== RECORDS FOR THIS EXERCISE ==

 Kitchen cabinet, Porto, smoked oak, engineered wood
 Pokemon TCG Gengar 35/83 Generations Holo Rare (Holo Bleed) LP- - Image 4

===
== RECORDS FOR THIS EXERCISE ==

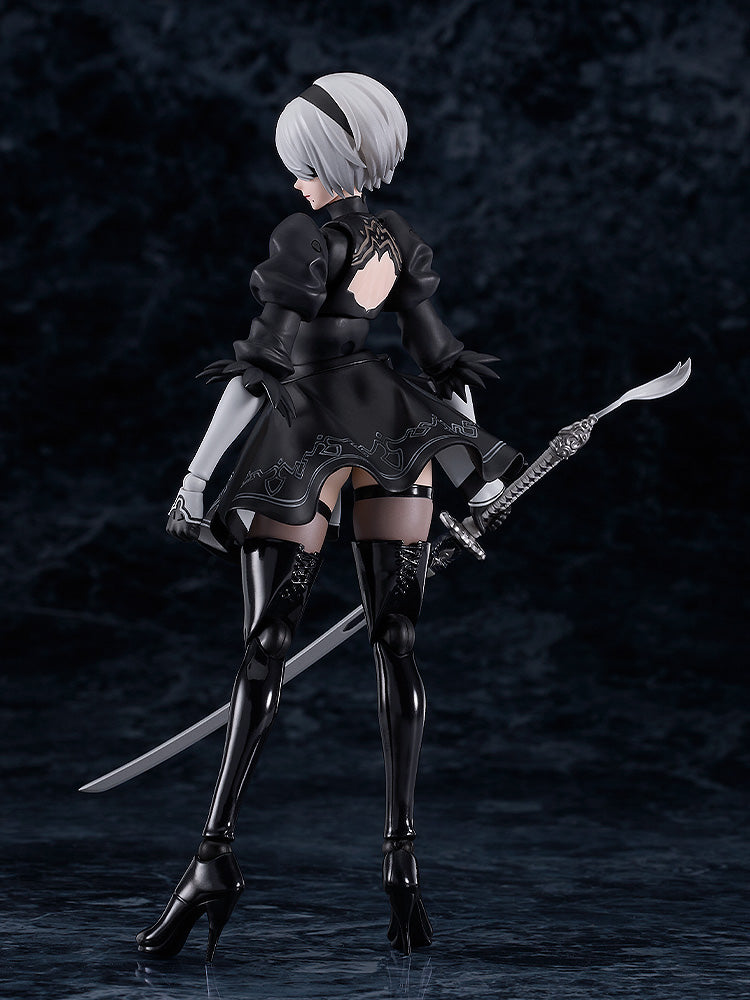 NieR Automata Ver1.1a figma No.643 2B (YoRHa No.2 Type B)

===
== RECORDS FOR THIS EXERCISE ==

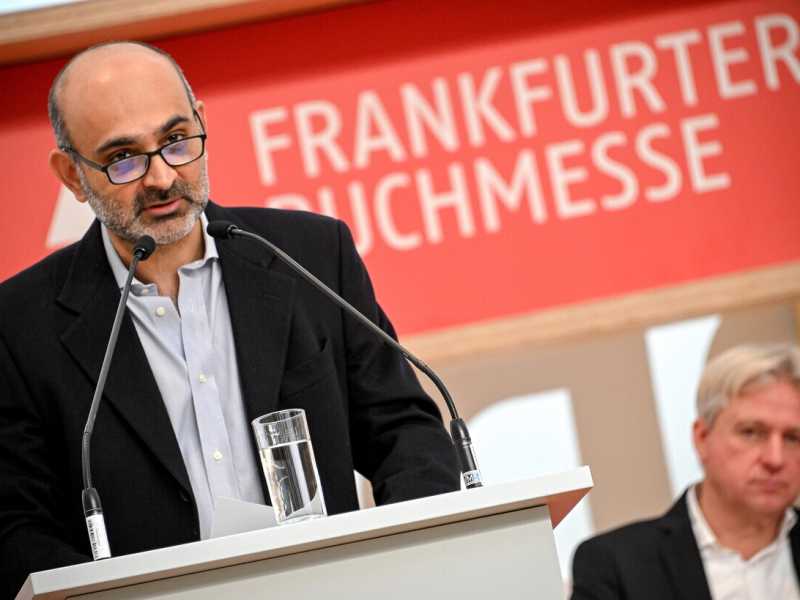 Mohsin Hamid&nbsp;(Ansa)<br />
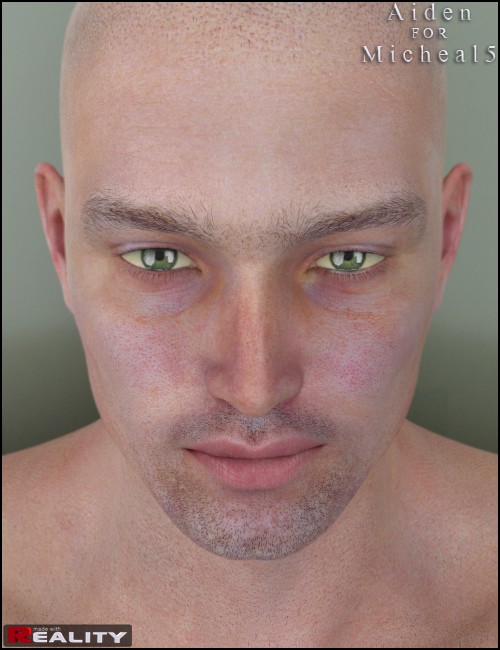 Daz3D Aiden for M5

===

### [PROBLEM]
Could you retype exactly the lines above, starting at the line that contains "Kitchen cabinet, Porto, smoked" and ending at the line that contains "Pokemon TCG Gengar", and nothing more?

### [RESPONSE FOR THIS EXERCISE]
 Kitchen cabinet, Porto, smoked oak, engineered wood
 Pokemon TCG Gengar 35/83 Generations Holo Rare (Holo Bleed) LP- - Image 4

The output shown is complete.